Did not realize that the 2007 Man Booker longlist was out. Seems like this year's nominations include a set of low-profile names that I have not heard of, with Ian McEwan being the most famous one* on the list. Previous year's winners are compiled here.
I know that the Booker is "awarded each year for the best original full-length novel, written in the English language, by a citizen of either the Commonwealth of Nations or the Republic of Ireland" but it is still interesting to note that 3 of the names in this years list, highlighted by me below, sound like of Indian/Pakistani origin.
- Darkmans by Nicola Barker (4th Estate)
- Self Help by Edward Docx (Picador)
- The Gift Of Rain by Tan Twan Eng (Myrmidon)

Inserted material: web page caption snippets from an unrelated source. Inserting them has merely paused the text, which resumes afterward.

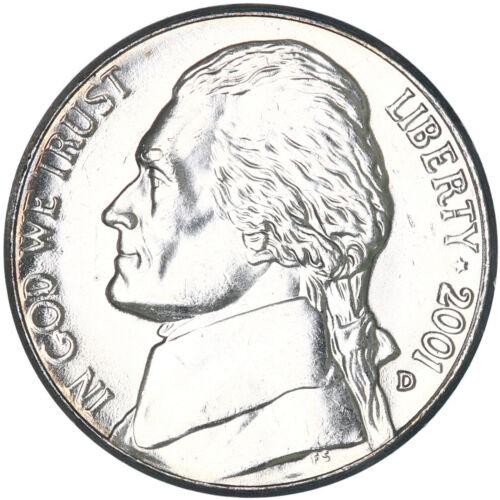 2001 D Coins Jefferson Nickel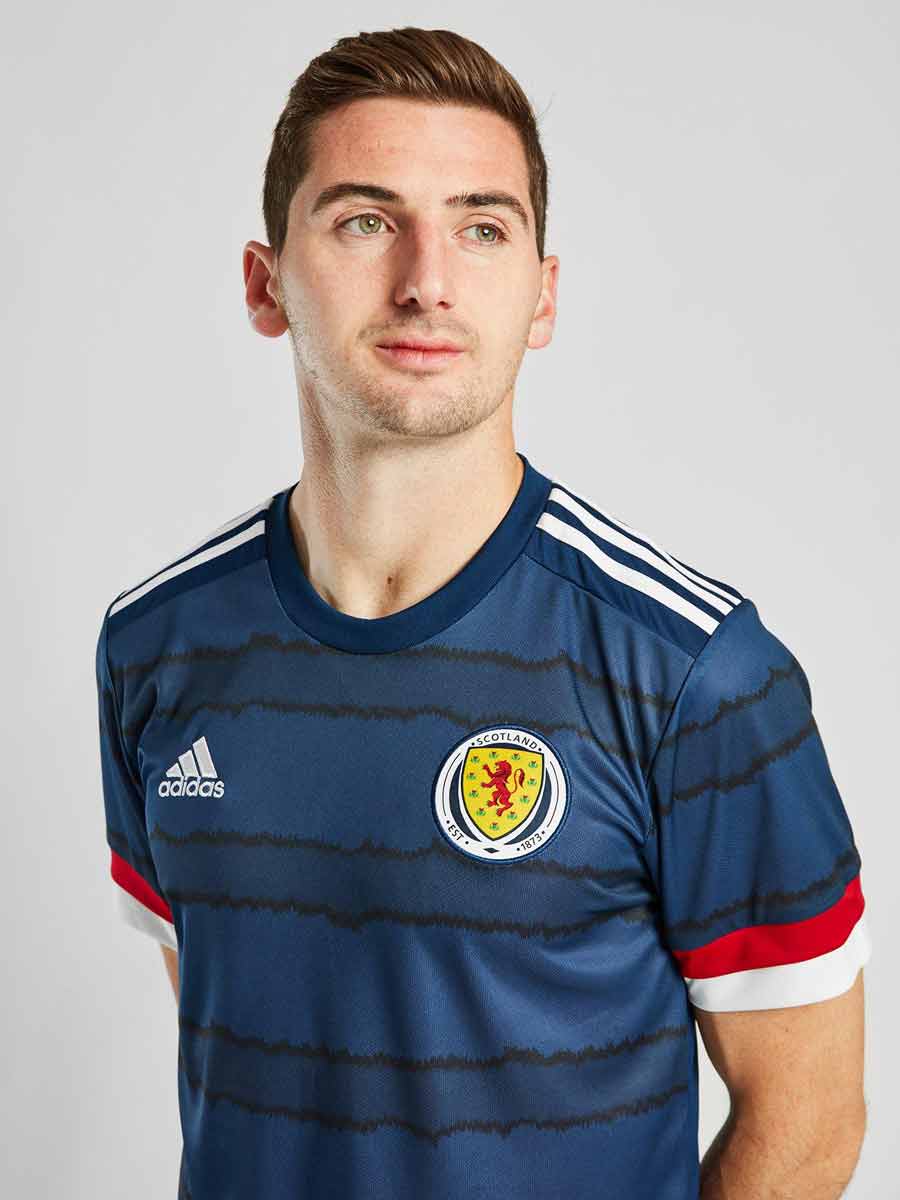 Camisa de casa de la copa Europa 2020 de Escocia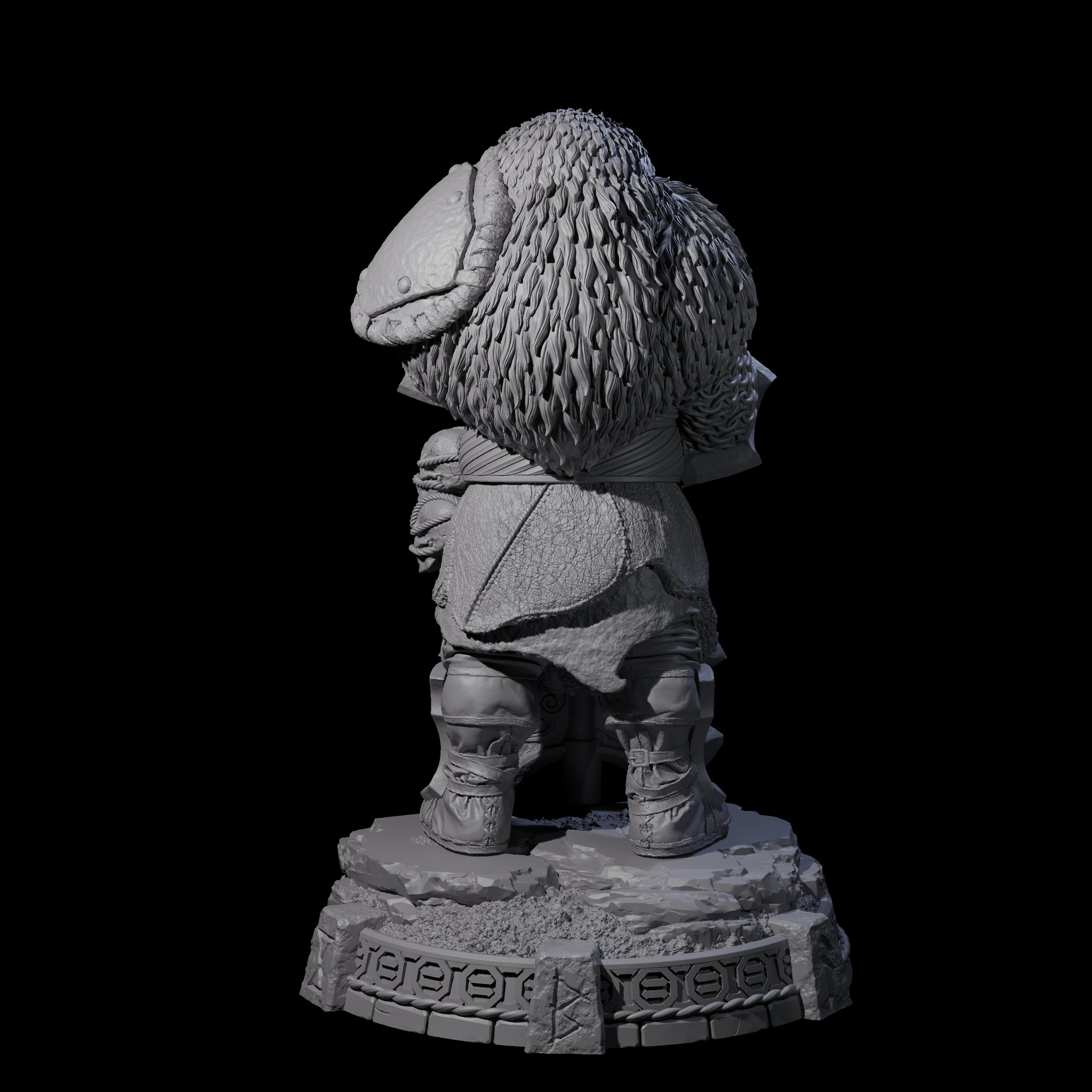 Wrapped Up Warrior of the North A Miniature for Dungeons and Dragons, Pathfinder or other TTRPGs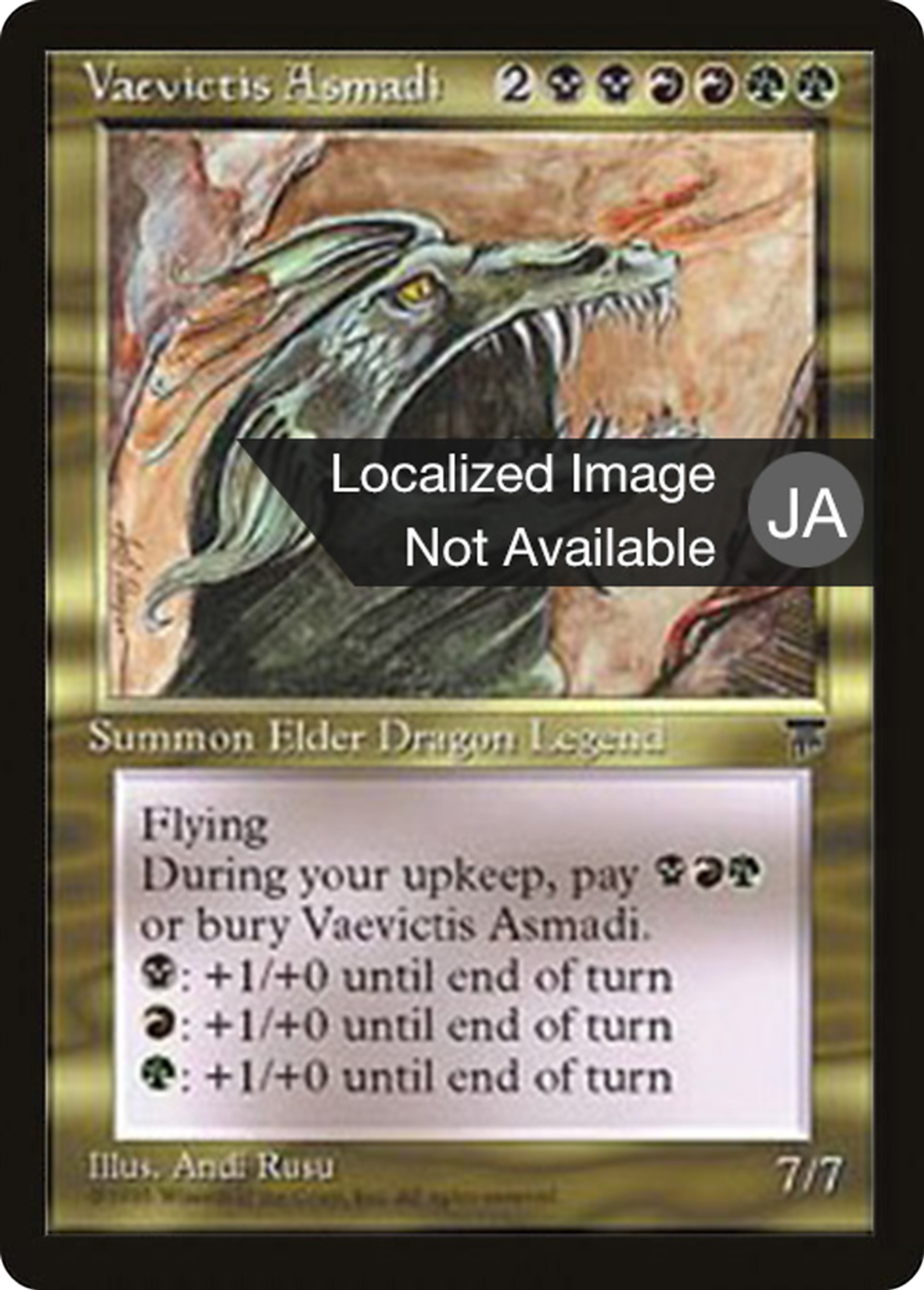 Vaevictis Asmadi — Chronicles Foreign Black Border — Magic: The Gathering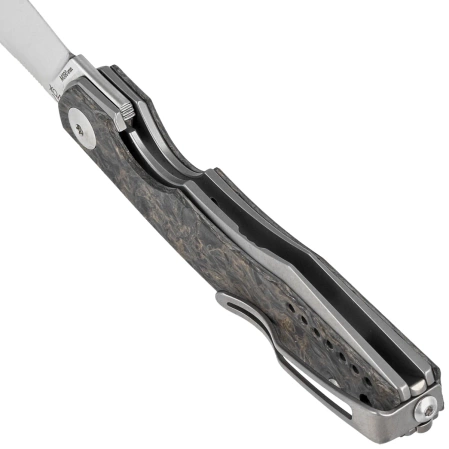 Nóż składany Viper Belone Titanium/Dark Matter Gold Fat Carbon, Satin M390 by Jesper Voxnæs (V5970TIFCG)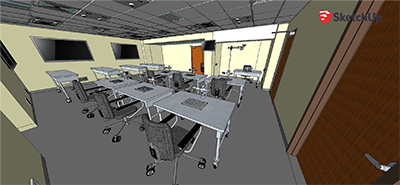 Rendering of the skills lab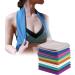 Sukeen 8 Pack Cooling Towel Set - 40x12 - Microfiber for Yoga, Sport, Gym - Breathable Chilly Towel - Various Colors - Buy Online on GoSupps.com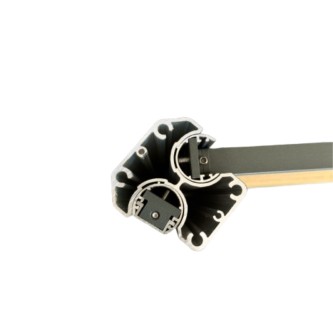 MCFENCE Anthracite, Clôture composite à sceller, [H 0.65 m]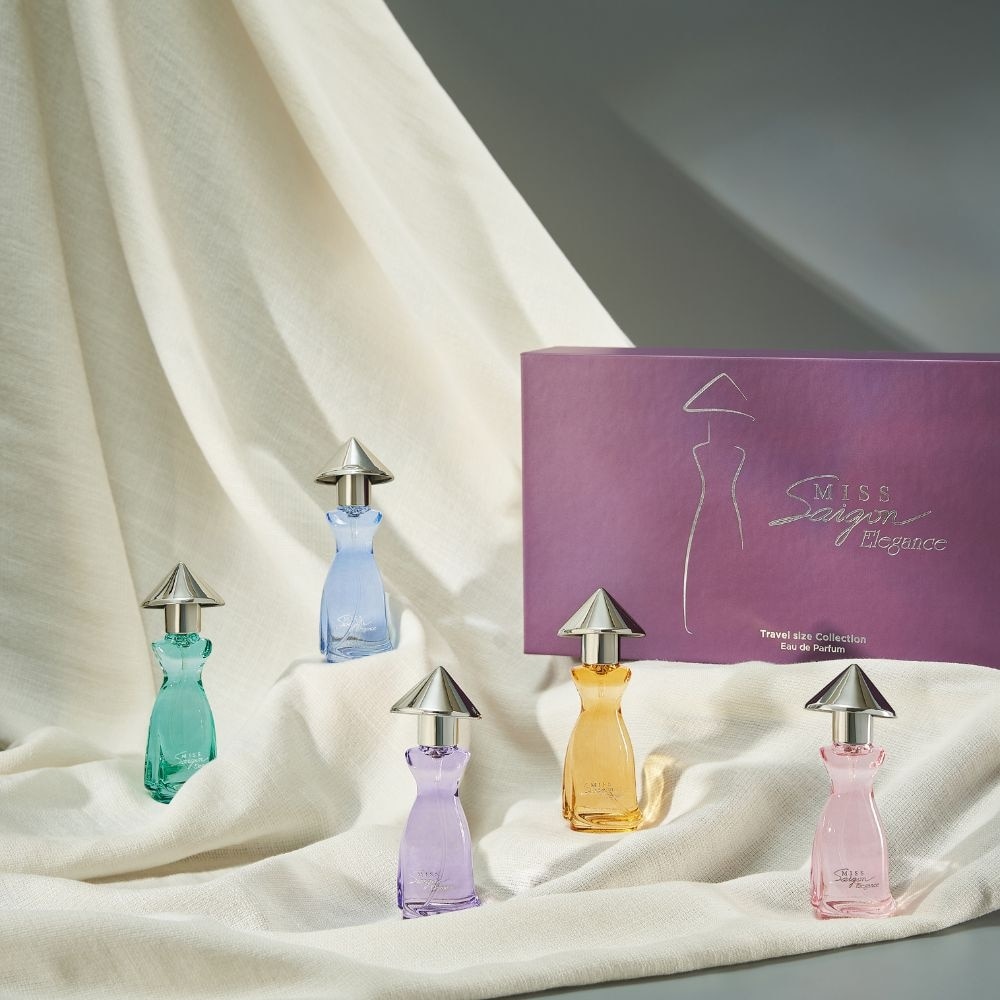 Combo Miss Sai Gon The Elegance (Amethyst + Sapphire + Ruby +Amber + Jade 15ml x 5pcs) image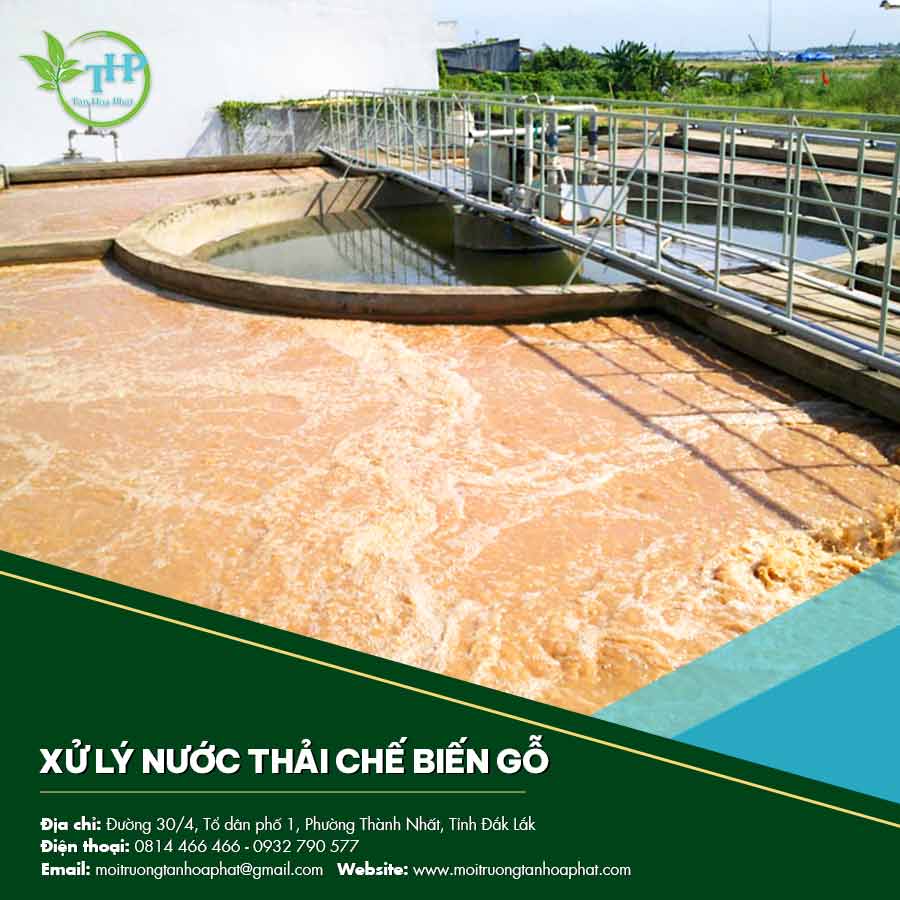 Xử lý nước thải chế biến gỗ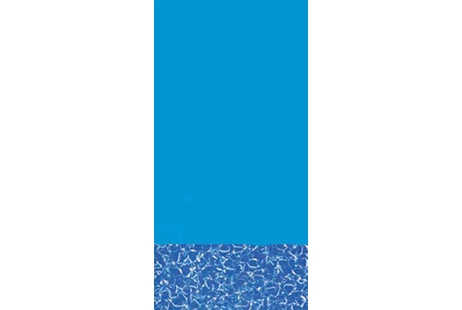 27' Blue Wall Swirl Bottom Overlap Above Ground Pool Liner | 48" - 52" Wall Pools | <b>Heavy Gauge</b> | Swirl Bottom | 52518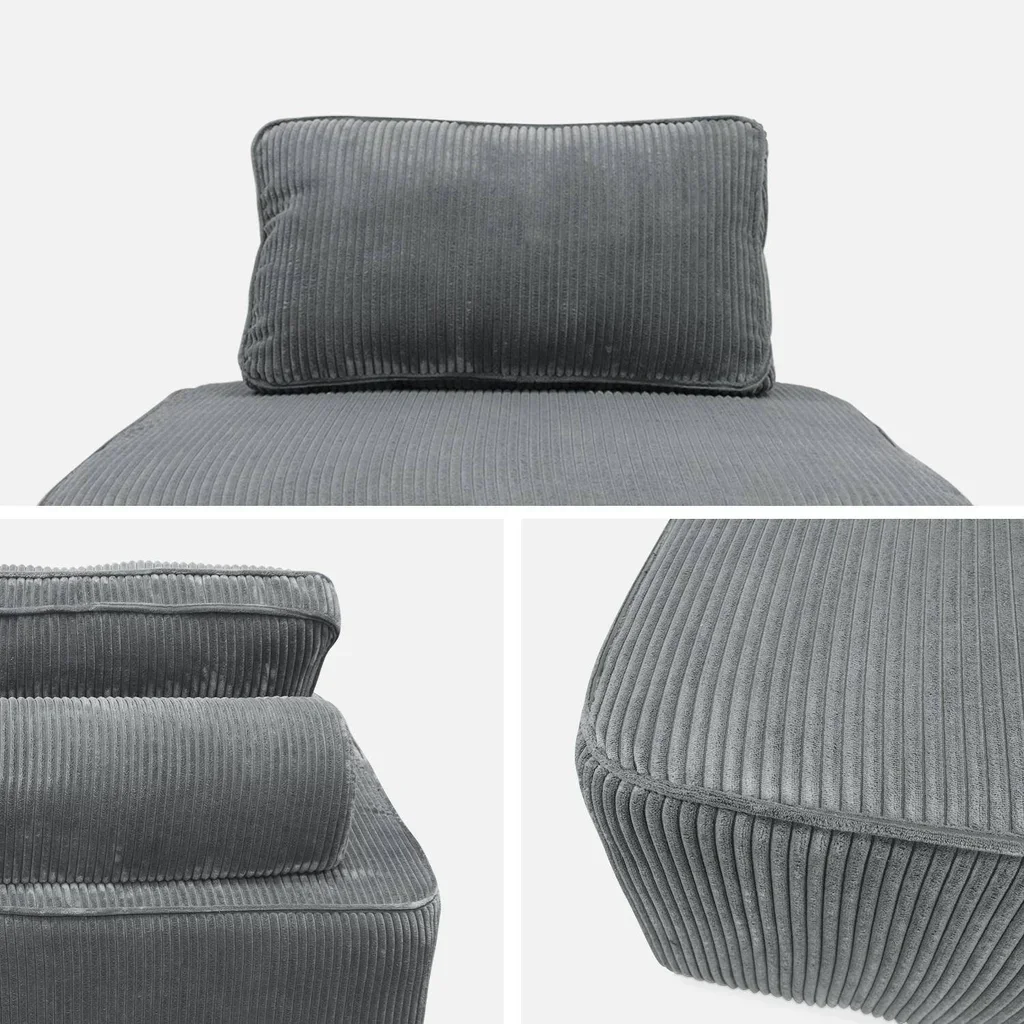 Module chauffant velours côtelé canapé d'angle lot 2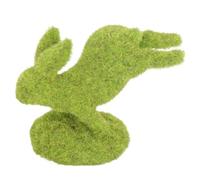 VOSAREA Mini Rabbit Flocking Figurine Decorative Home Outdoor Green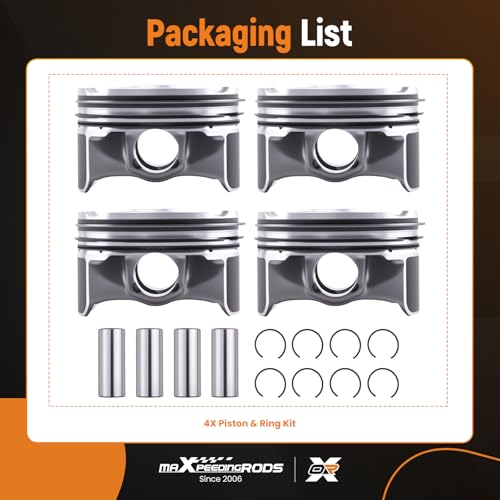 maXpeedingrods 1.5T Pistons Ring Kit for Buick Envision Verano Chevy Malibu Cruze Equinox Regal LaCrosse Encore GMC Terrain Explorer 2015-2019 LFV LYX 12669765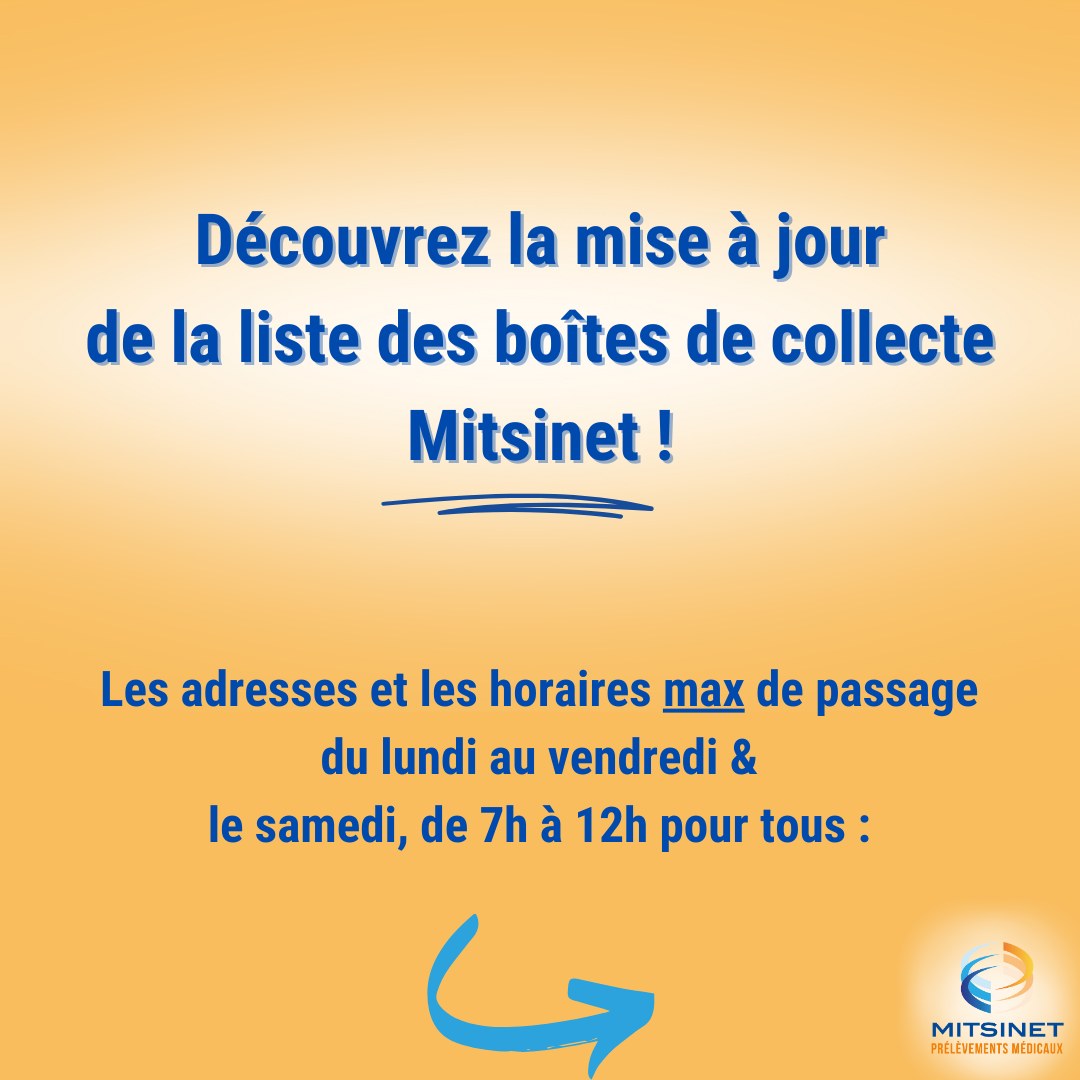 Nouvelle liste des boîtes de collecte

- The Gathering by Anne Enright (Jonathan Cape)
- The Reluctant Fundamentalist by Mohsin Hamid (Hamish Hamilton)
- The Welsh Girl by Peter Ho Davies (Sceptre)
- Mister Pip by Lloyd Jones (John Murray)
- Gifted by Nikita Lalwani (Viking)
- On Chesil Beach by Ian McEwan (Jonathan Cape)
- What Was Lost by Catherine O’Flynn (Tindal Street)
- Consolation by Michael Redhill (William Heinemann)
- Animal’s People by Indra Sinha (Simon & Schuster)
- Winnie & Wolf by A.N.Wilson (Hutchinson)
Booker trivia: Beryl Bainbridge has been nominated twice in the 1970s and three times in the 1990s but has never won the Booker prize. Nobel laureate, J. M. Coetzee, on the other hand, has been nominated twice and won both times. Margaret Atwood has also been nominated five times but won in 2000, while Iris Murdoch is the only 6-time nominee, with a solitary win on her 4th nomination in 1978.
* I am a big fan of McEwan....having read couple of his books - the Booker prize winning Amsterdam and The Comfort of Strangers - in the last year. Also started but didn't read much of Saturday and Black Dogs. Will have to check out this latest nomination - On Chesil Beach - some day... but next on my to-read list is his previously Booker-nominated, Atonement. Another very good recent author whose novels I have unfortunately not read so far is Kazuo Ishiguro (though I did see the movie, Remains of the day, based on his novel of the same name.